* What is expected: What you return should match the data word for word, minus the images.

Captioned web image data:
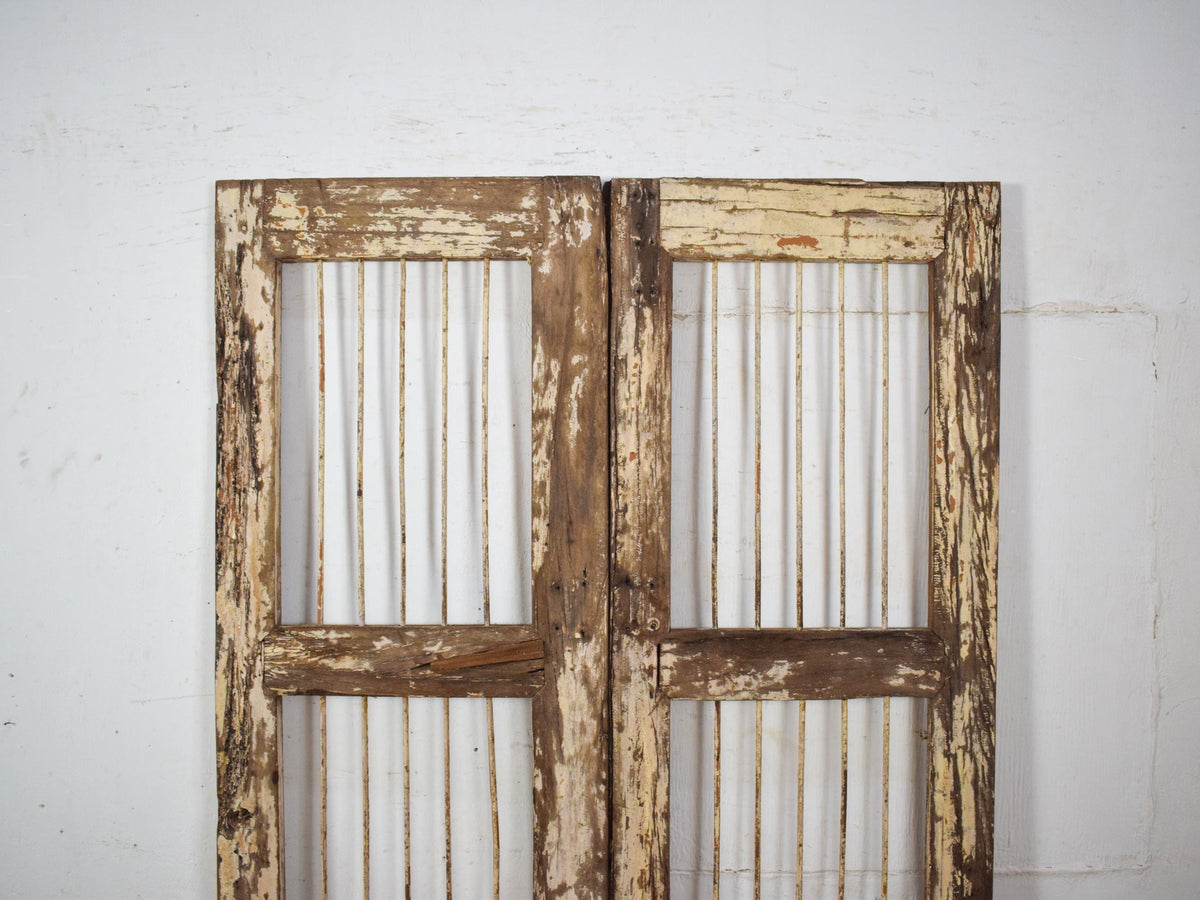 Pair of Antique Vintage Indian Doors Shutters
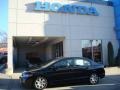 2007 Nighthawk Black Pearl Honda Civic LX Sedan  photo #1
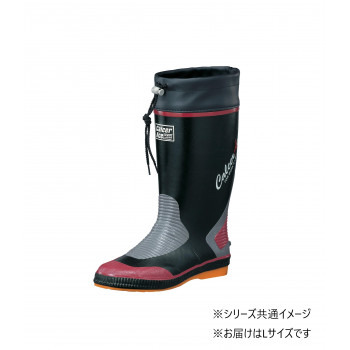 福山ゴム工業　長靴　 カルサーエース 700 Lブラック（品番：AA97100）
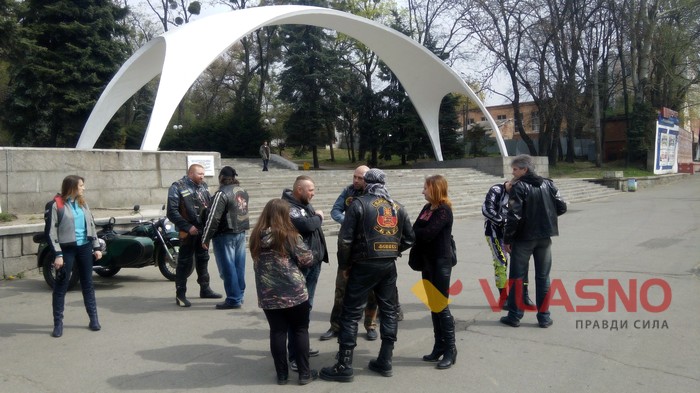 акція вінницьких байкерів Обережно мотоциклісти фото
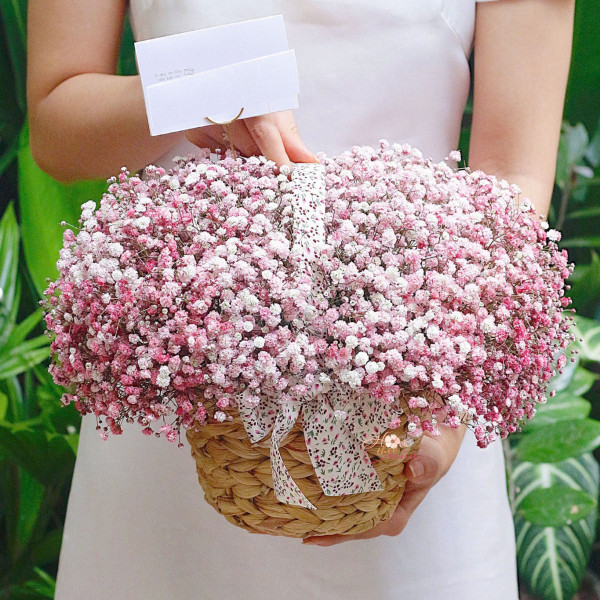 giỏ hoa chúc mừng khai trương ở U Minh Cà Mau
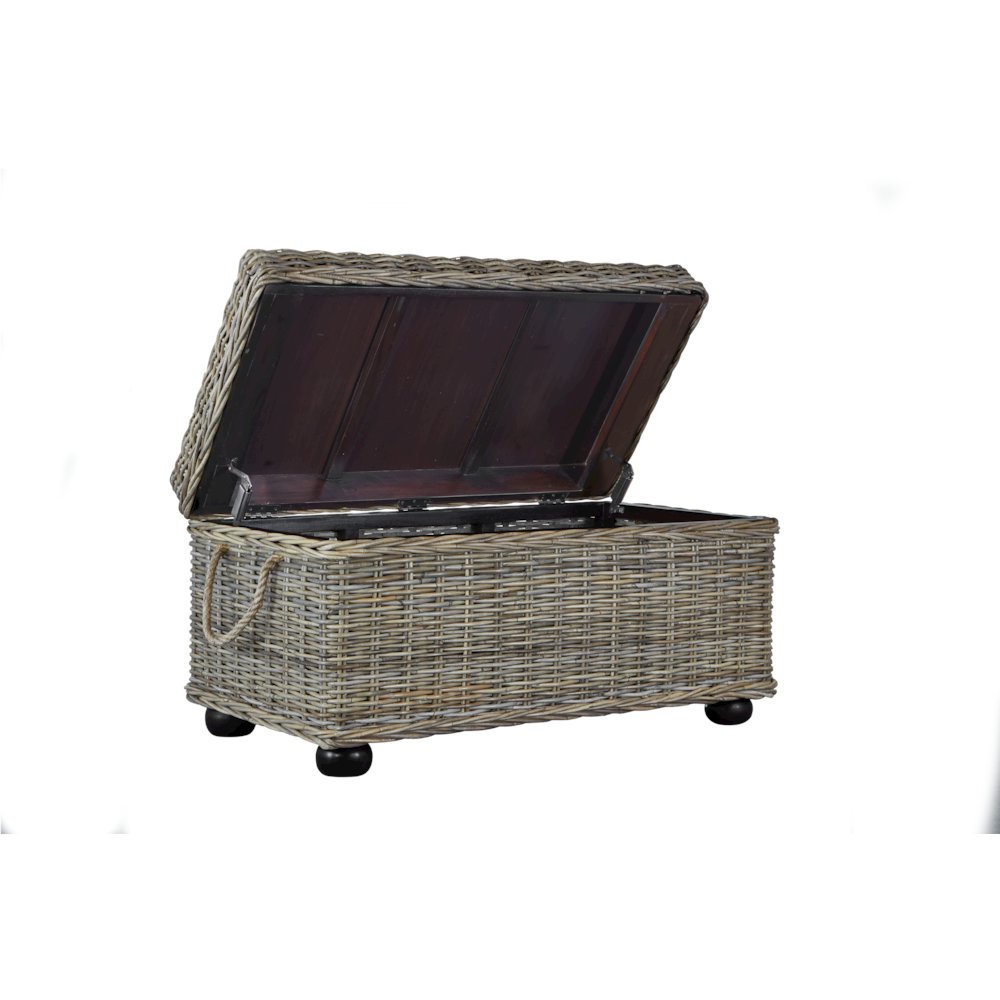 Bauer Kubu Rattan Storage Trunk. Picture 4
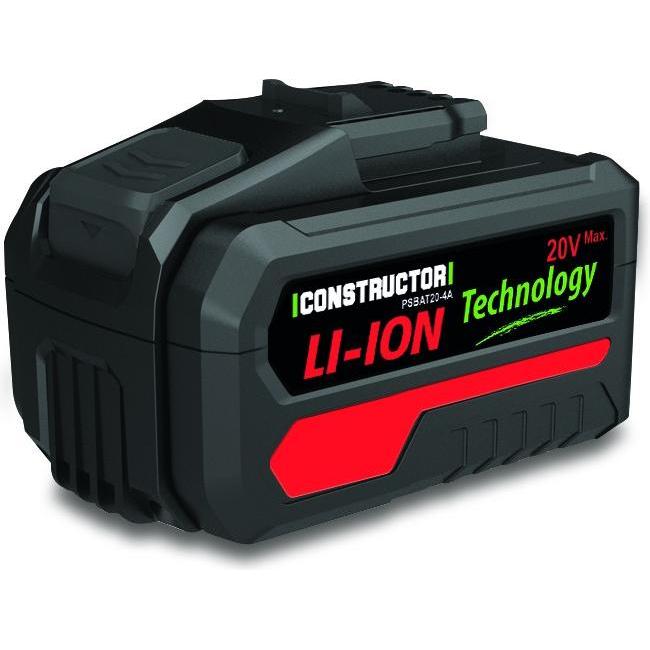 Constructor, Batteria + Caricatore, Accu 20V 4AH Highstar - PSBAT20-4A-1 - PSBAT20-4A-1 (20 V)
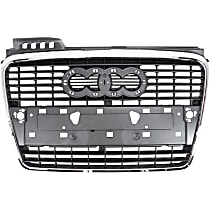 Grille Assembly, Chrome Shell with Gray Insert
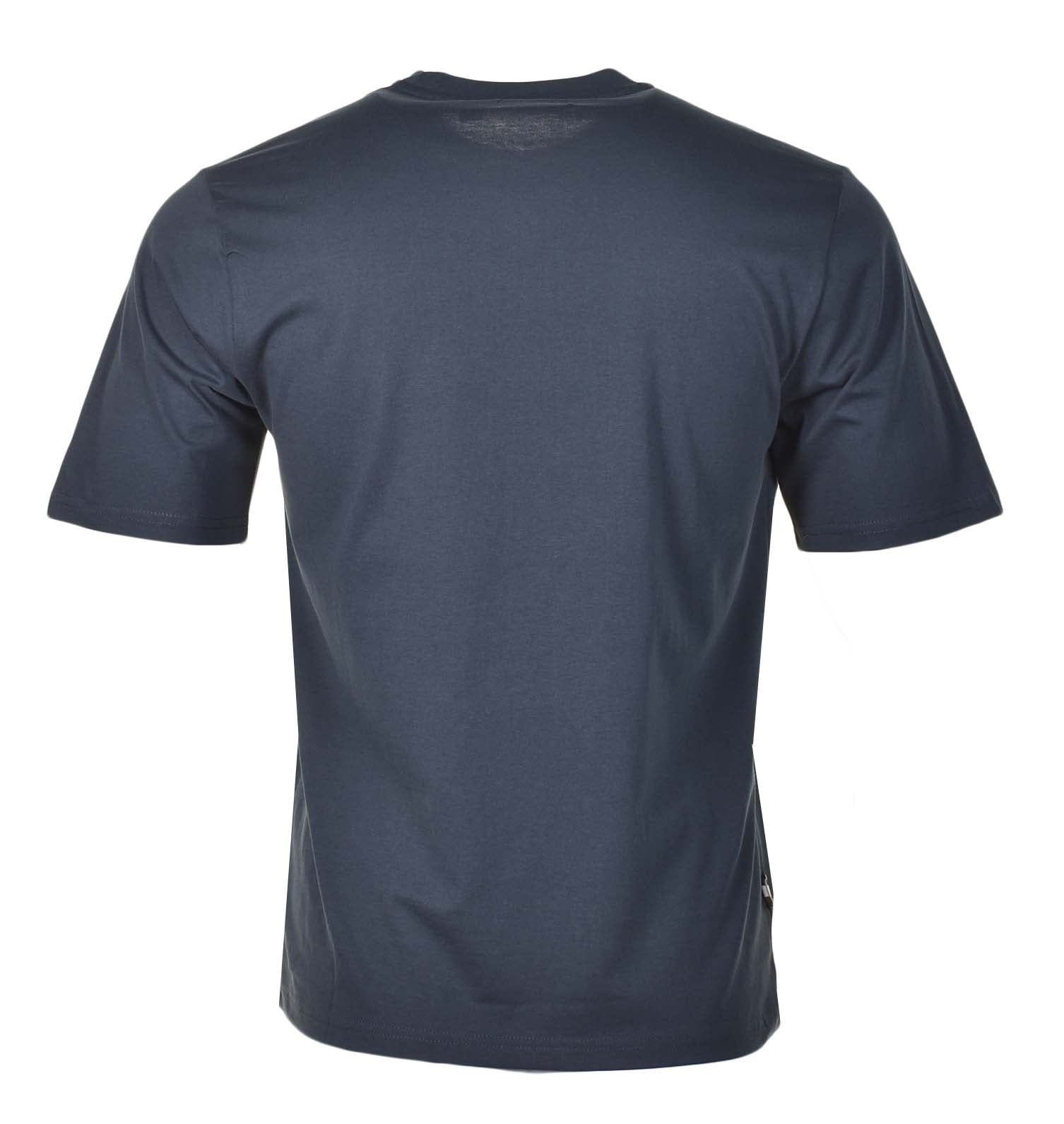 Active Club Check Pocket T Shirt Navy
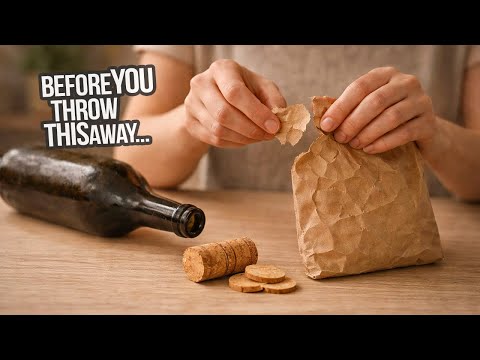I took a bottle and a used paper bag— and this happened!  stunning style for minimal cost, recycling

* Reply:
 Pair of Antique Vintage Indian Doors Shutters
 2007 Nighthawk Black Pearl Honda Civic LX Sedan  photo #1
 福山ゴム工業　長靴　 カルサーエース 700 Lブラック（品番：AA97100）
 акція вінницьких байкерів Обережно мотоциклісти фото
 giỏ hoa chúc mừng khai trương ở U Minh Cà Mau
 Bauer Kubu Rattan Storage Trunk. Picture 4
 Constructor, Batteria + Caricatore, Accu 20V 4AH Highstar - PSBAT20-4A-1 - PSBAT20-4A-1 (20 V)
 Grille Assembly, Chrome Shell with Gray Insert
 Active Club Check Pocket T Shirt Navy
I took a bottle and a used paper bag— and this happened!  stunning style for minimal cost, recycling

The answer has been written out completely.